Green Bay Packers Bulletins were printed beginning in the 1928 season and ending in the 1932 season. Bulletins were printed as a newsletter-type "promotion" of the Packers next home football game, with this game usually the next week. Bulletins measure approx. 7" x 10 1/2", and are printed, front and back, on a single sheet of colored normal weight paper. The first Bulletin had a print date of October 28, 1928, and contained information on the Packers upcoming gridiron contest against the Pottsville Maroons on November 4, 1928.

No kale, jack, dough, scratch, mazuma, voot, simoleans, clams, cabbage, shekels, lucre, gelt, lolly or rubes needed to be exchanged for a Green Bay Packers Bulletin, as they were distributed free of charge. We wish this fact remained true today.

The example below, dated October 18, 1931, was promoting and advertising the October 25, 1931 home professional football game against the Providence SteamRollers at City Stadium, Green Bay, Wisconsin. This Bulletin was published by the Green Bay Football Corporation, and printed by Landsmann Printing Office. The back of the Bulletin states 'Plenty of Good Seats for Everybody'. The Bulletin also states that the Providence game was a Packers Homecoming Game, and it was expected that two dozen "old timers" would take their bow to the crowd between halves. Imagine, in 1931, the Packers 11'th year, they already had former and current players considered "old timers".
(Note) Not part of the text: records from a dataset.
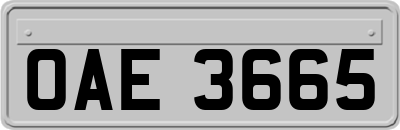OAE3665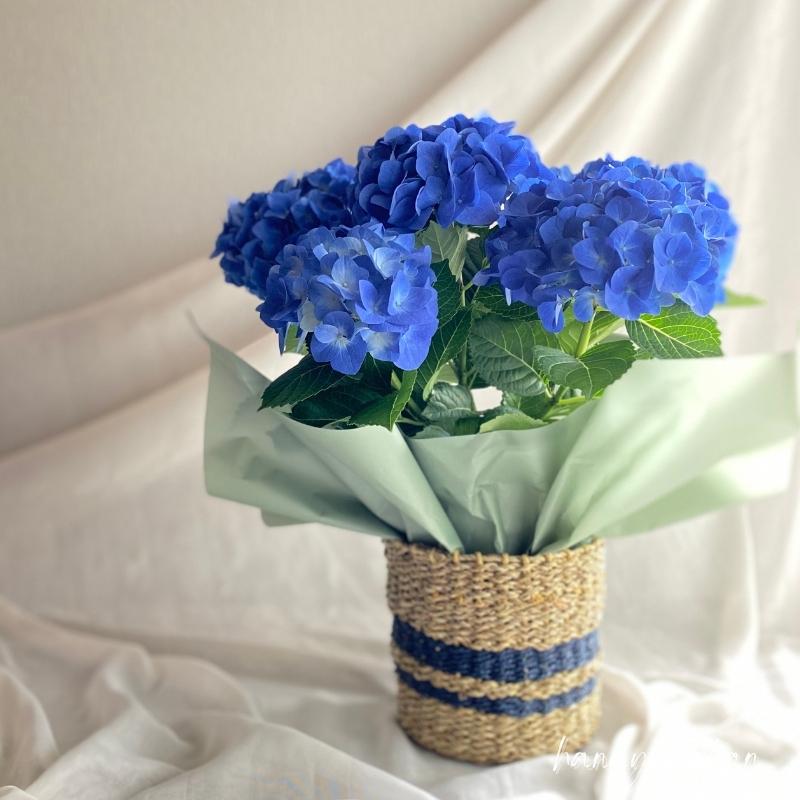 アジサイ　blue系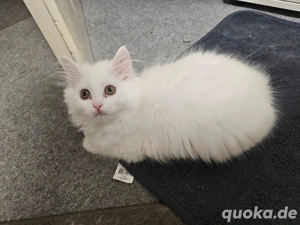 2 Babykatzen abzugeben in gute hände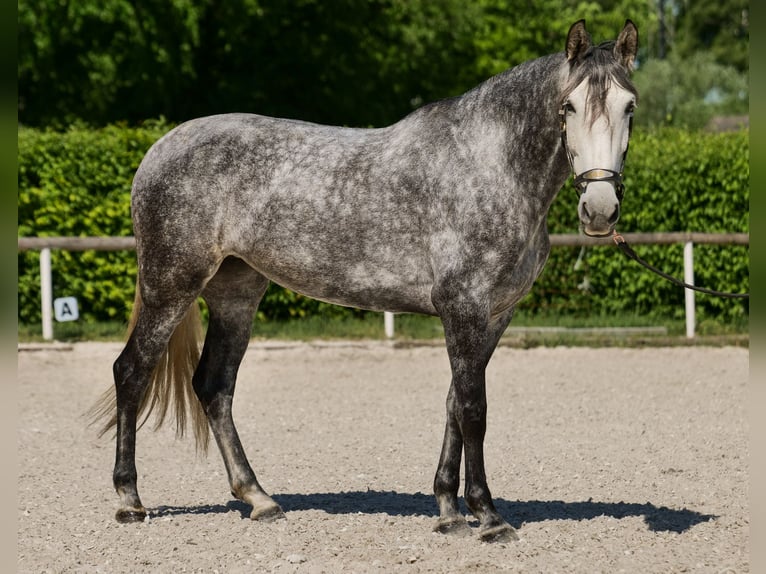 PRE Stute 6 Jahre 160 cm Blauschimmel in Neustadt (Wied)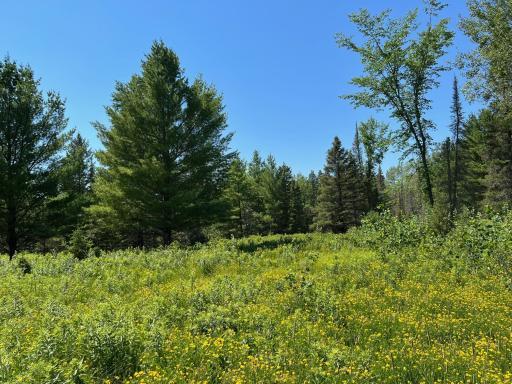 74035 County Highway A, Iron River, WI 54847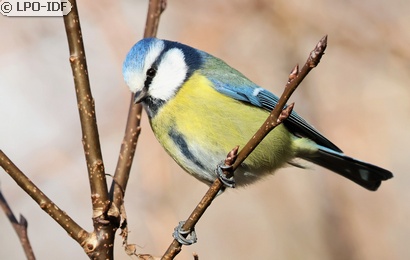 Mésange bleue
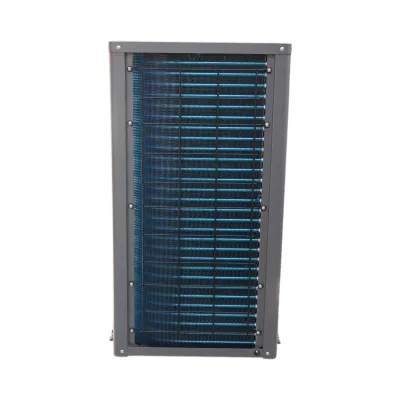 Pompa de caldura aer-apa monobloc 12KW, 380V, 	A+++ IPX4 SPRSUN - imagine 7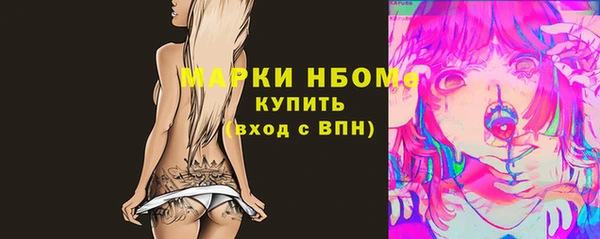 дживик Пересвет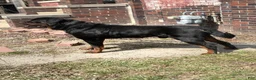 Rottweiler dogs for sale: Rottweiler 1 - Ad 21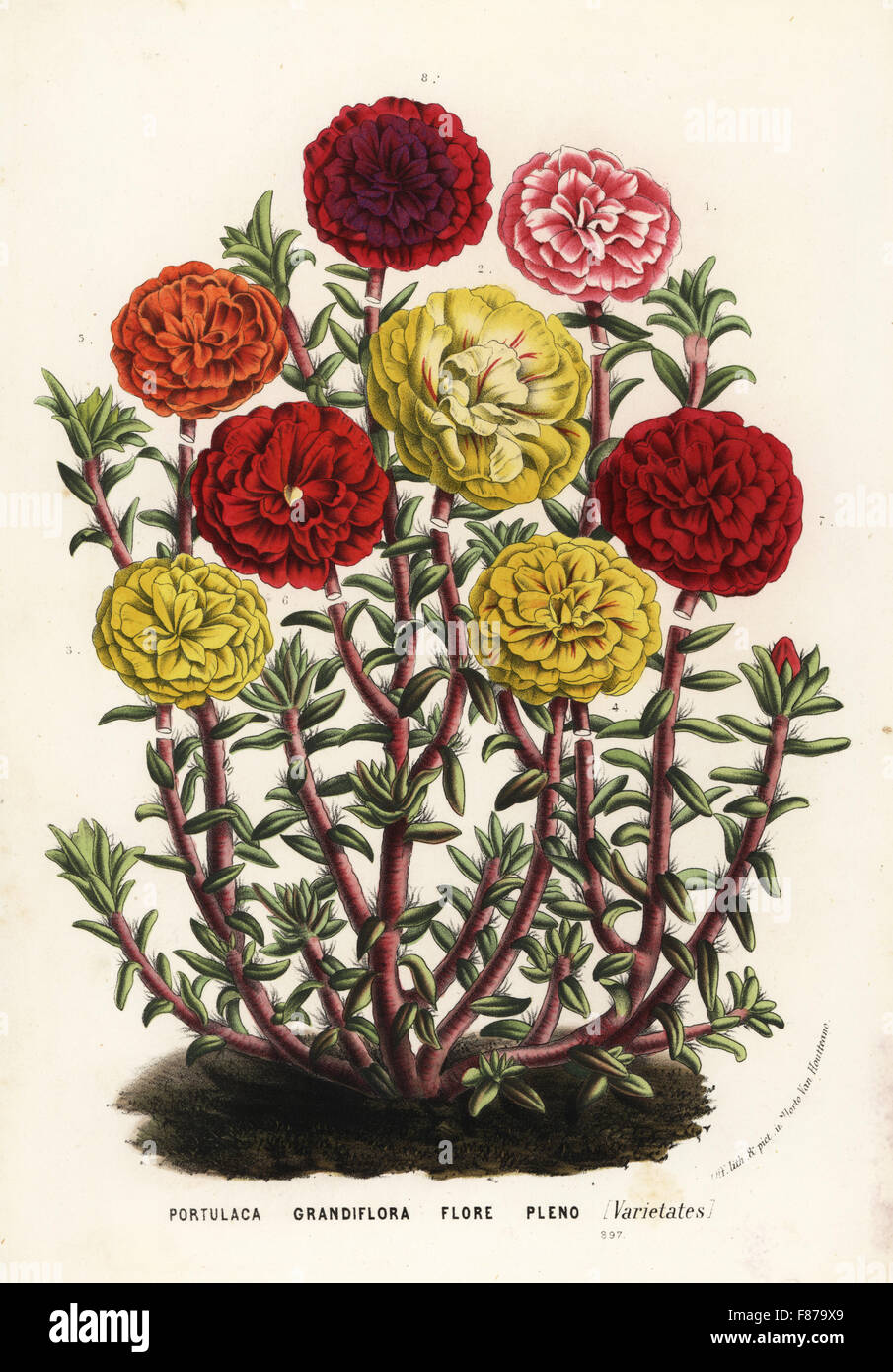 Mexican rose varieties, Portulaca grandiflora flore pleno. Handcoloured
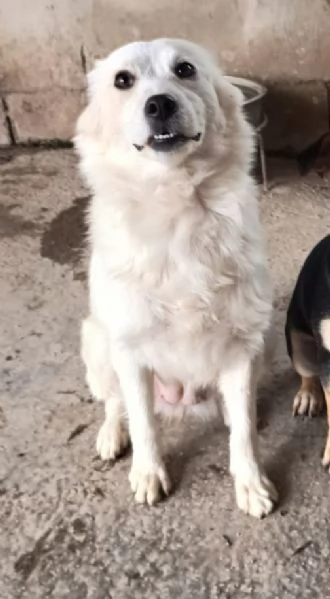 RUGIADA  cagnolina di 1 anno  taglia mediopiccola | Foto 2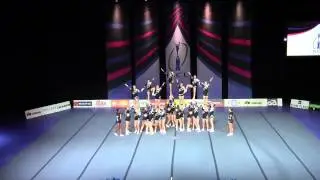 FT Wild Sparkles SM2015 #4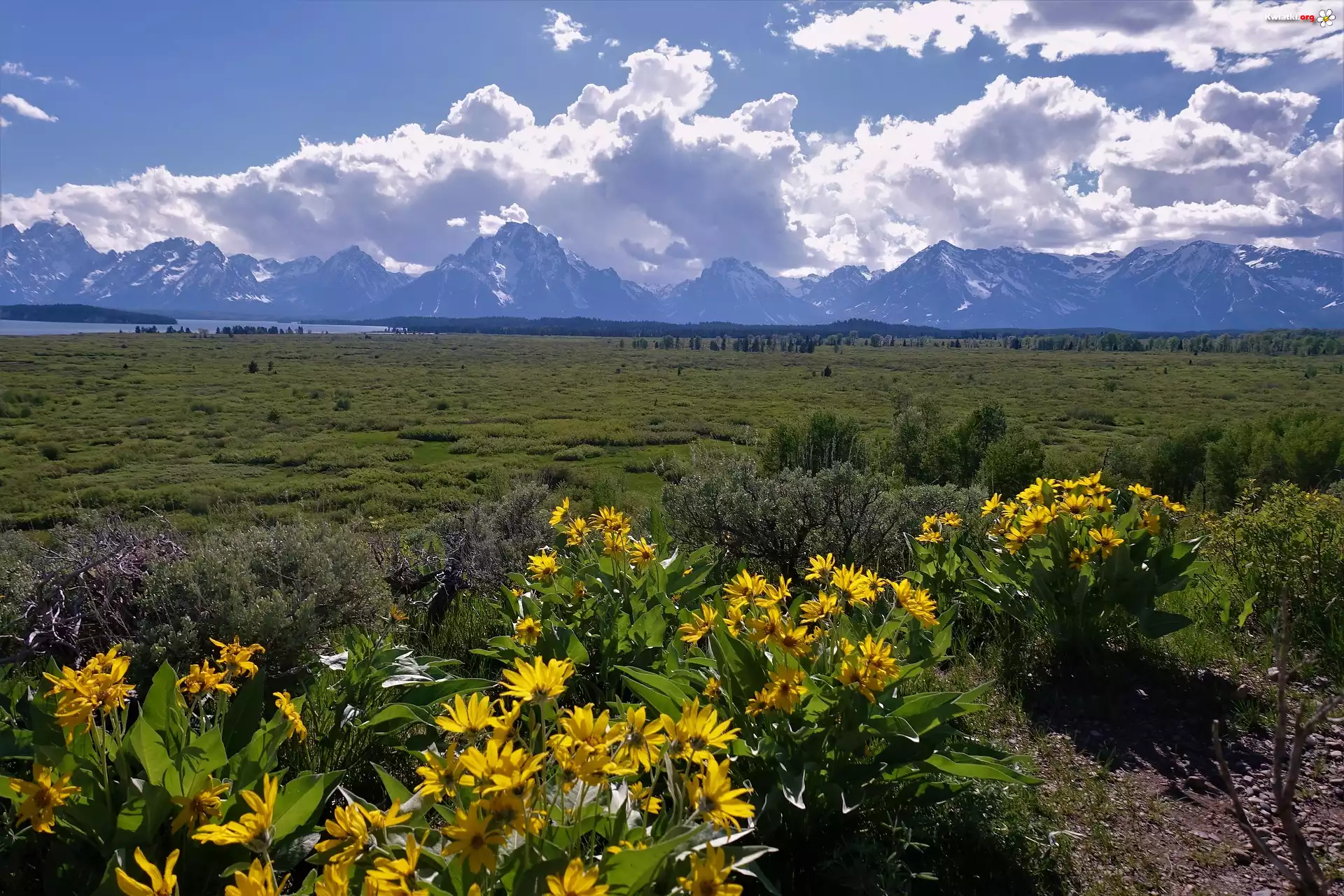 Park Narodowy Grand Teton, Żółte, Kwiaty, Polana, Chmury, Góry, Teton Range, Stan Wyoming, Stany Zjednoczone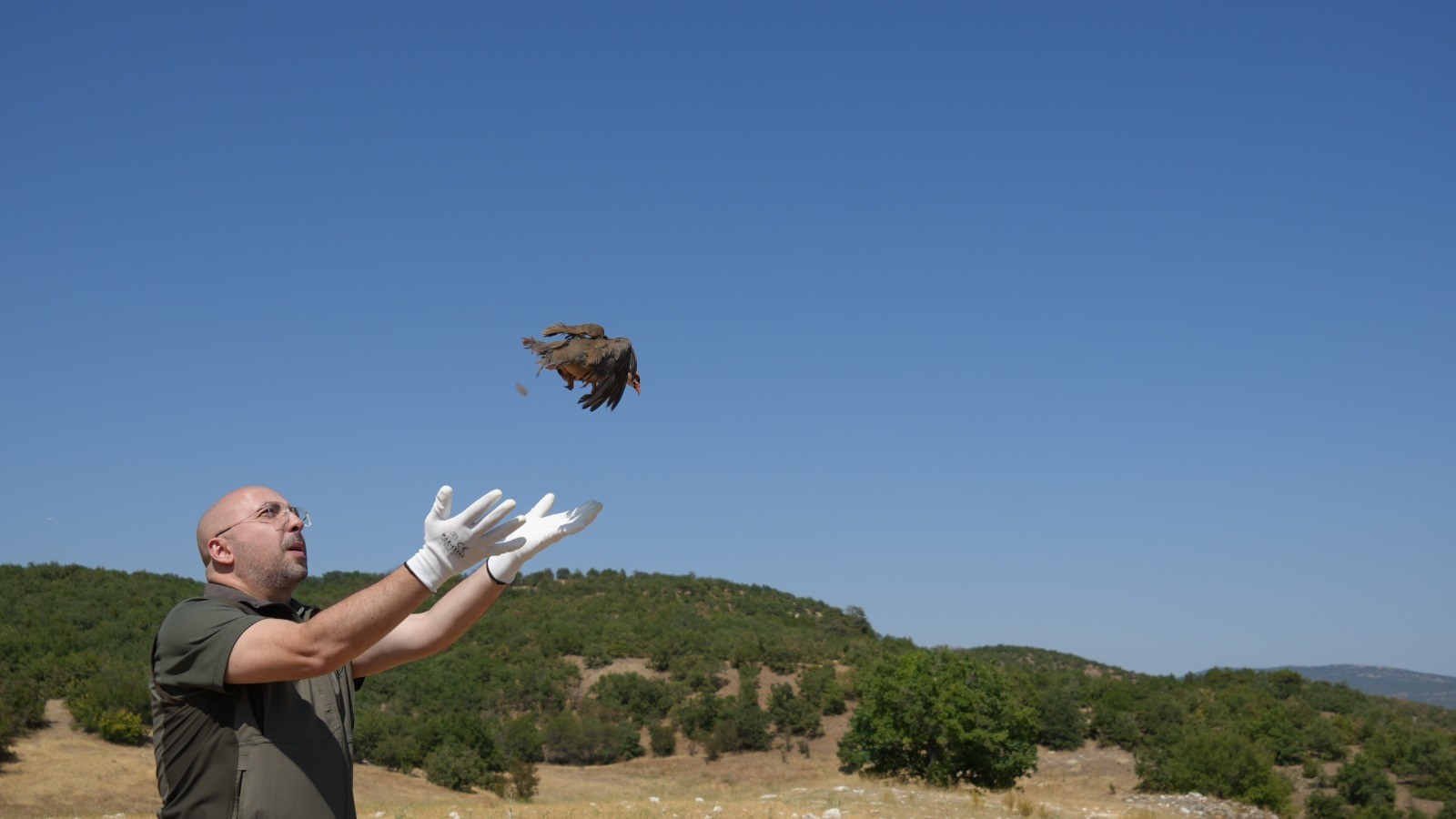 Keklikler Doğada (5)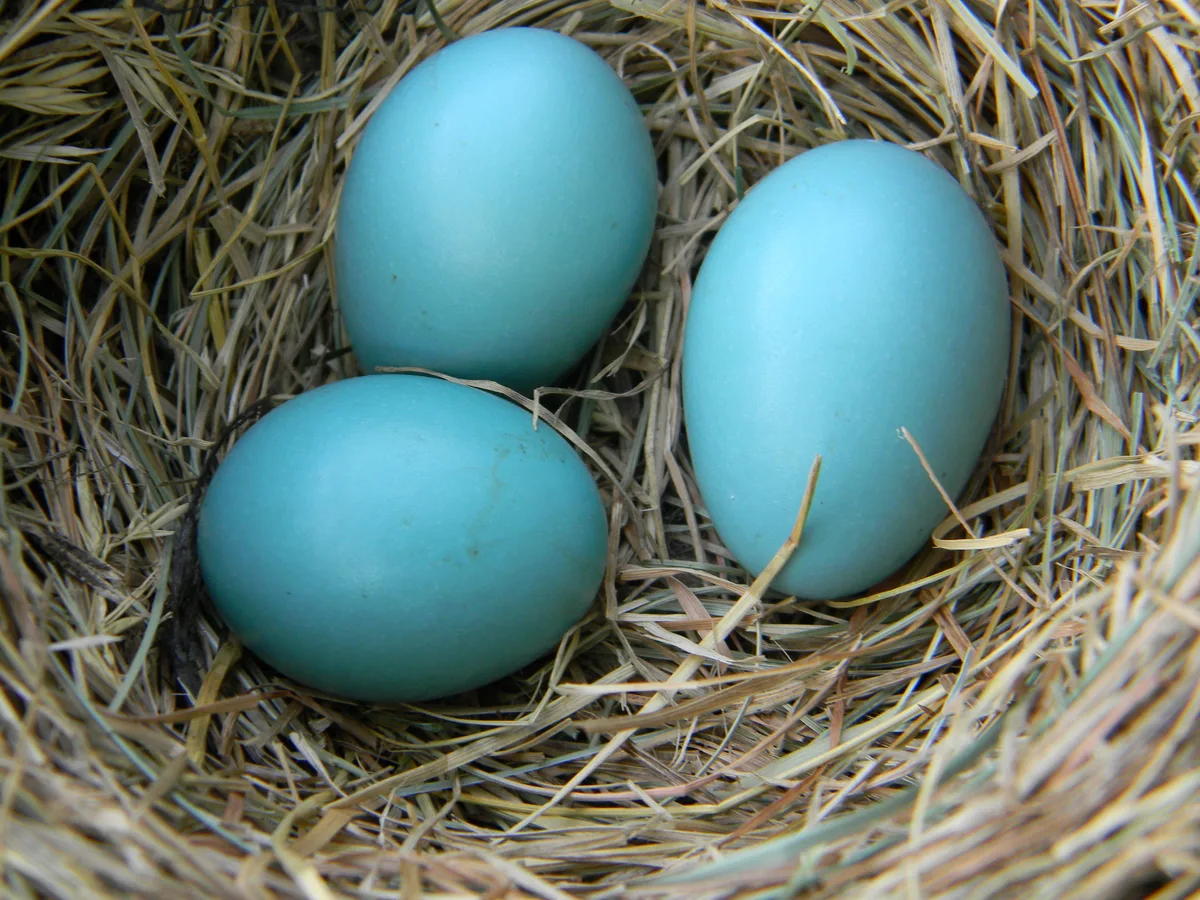 Nesting cycle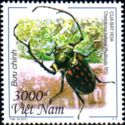 Scarab Beetle (Cheirotonus battarelli)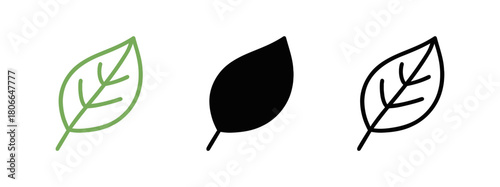 Simple leaves in various line styles in a row on white background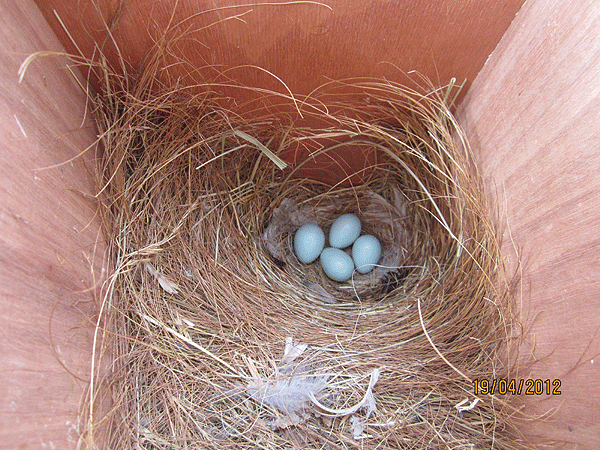 Photos des œufs de nos oiseaux d'élevage Etourn10
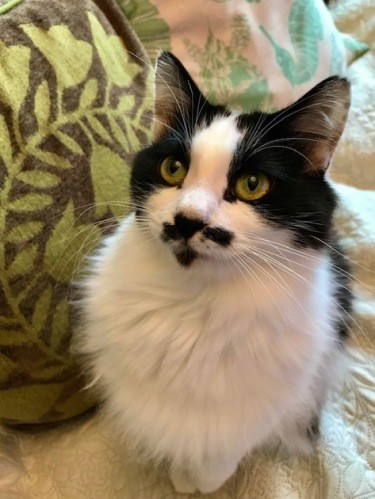 胸がほわほわ、表情もかわいい！（まりさん提供）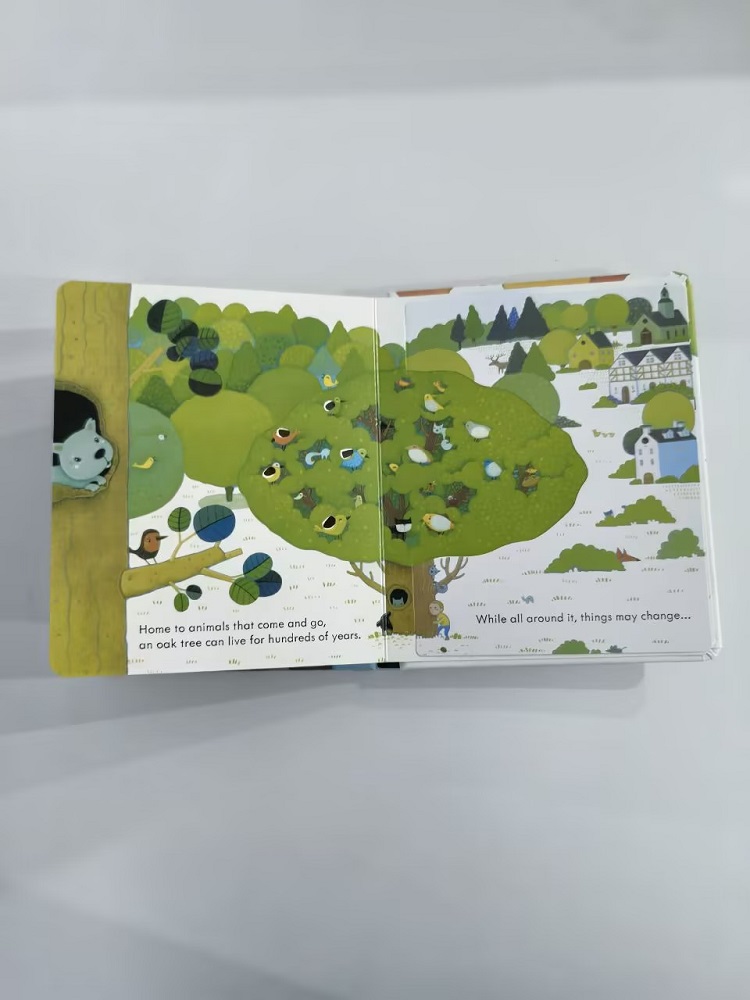 Usborne Podglądając wewnątrz d – Kids Early Education Books recenzja i cena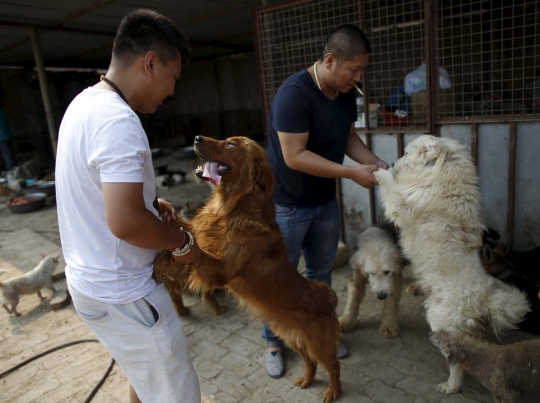 Wanita ini rela habiskan jutaan uang demi selamatkan ribuan anjing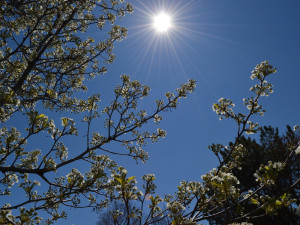 Meteorologové v sobotu naměřili další rekordní teploty na jihu Moravy. Nejtepleji bylo opět ve Strážnici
Packer Bulletins are somewhat rare, and command good prices when they become available. Expect to pay $ 225.00 to $ 325.00 RETAIL for most Bulletins in excellent condition. Bulletins with a picture of a famous player, such as Red Grange or Ernie Nevers,will command premium prices.

It is widely felt that Bulletins may have been distributed in many ways, such as at Packer home games, hotels, retail businesses, businesses that sold Packer tickets, to the press, pool rooms and like places of amusement. They most likely were posted anywhere potential 'paying game fans' or other interested parties would congregate.